Installations on shooting and recording vessels will normally use standard 19-inch racks that host the Gator computers and one or more PRTNU as well as radio modems.
During the deployment and positioning phase, the deck crew on the cable boats will attach acoustic positioning beacons (typically the OBC 12 units from Sonardyne) at intervals along each cable, and will physically deploy the cable on receipt of a command from the Gator system onboard as the helmsman moves the boat along the desired survey line. Automated tracking of individual beacons is achieved by using RFID tags that are scanned as the cable passes through a reader on the back of the vessel and logs the GPS position at the actual time of deployment.
Once on the seabed, the position of the cable is then determined by acoustic systems on the cable or gun boats, and the cables may then be physically dragged into the optimal position using the cable vessel pulling on the buoy lines attached to the end of the cable, or an ROV moving the cable directly on the seabed. If nodal logging units are used instead of cables, there a variety of deployment methods used including free-fall through the water column, lowering from a deck crane, or direct placement by ROV. The final positions of the cables or seabed units are obtained via acoustic range only, or range and direction systems. Gator then applies the obtained distances and directions to the relevant vessel position and generates real world coordinates and depths for the cable based on the model built from multiple observations. The surveyor can edit individual observations and co-ordinates as required.

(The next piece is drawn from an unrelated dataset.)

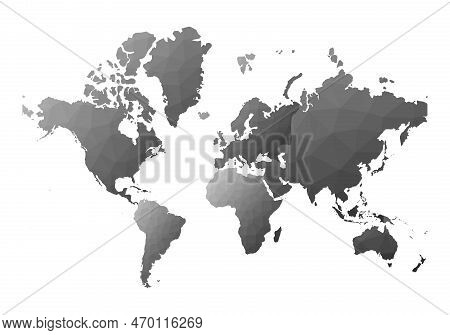 World Map. Actual Low Poly Style Continents. Vector Illustration.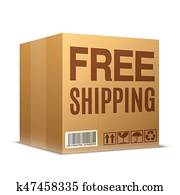 fri, forsendelse, karton æske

In conventional OBC, the cables will then be physically connected to the recording boat, but an alternative has been developed that utilises 'smart' buoyed recording units for each cable that are co-ordinated and controlled using Gator and radio links. This method allows one vessel to perform all the operations required, resulting in numerous opportunities for cost savings.
The highly automated buoyed OBC system developed by ION and Reservoir Exploration Technology (RXT) of Norway is known as VectorSeis Ocean (VSO). RXT have a number of vessels operating VSO, either on their own or with other vessels as required. Each buoy contains a computer running Gator, hard drives for the recording of seismic data, and a robust data telemetry system.
Gator is used during the shooting phase of the operation to trigger and adjust the timings of the shots with regard to the survey layout and the gun boats predicted position, and then generate binning statistics at the end of each shot line. The recording systems (on the recording boat or VSL buoys) are also actuated by triggers sent from Gator. Key features of Gator include:
- Allows for centralised management and operational co-ordination, even across a multi-vessel fleet.
- Timing accuracy between vessels of better than 50µs.
- Highly flexible interfaces that can connect with a wide variety of user-provided equipment including acoustic positioning and vessel dynamic positioning systems.
- Can be developed to suit clients demands and to support new methodologies and techniques.
- Data acquired on slave vessels (such as cable positions) automatically transferred to master vessel, but with user-variable priorities on specific data items.
- Allows for multiple, highly configurable displays to assist helmsman, deck crew and client observers.
- Creates a centralised database of all cable positions.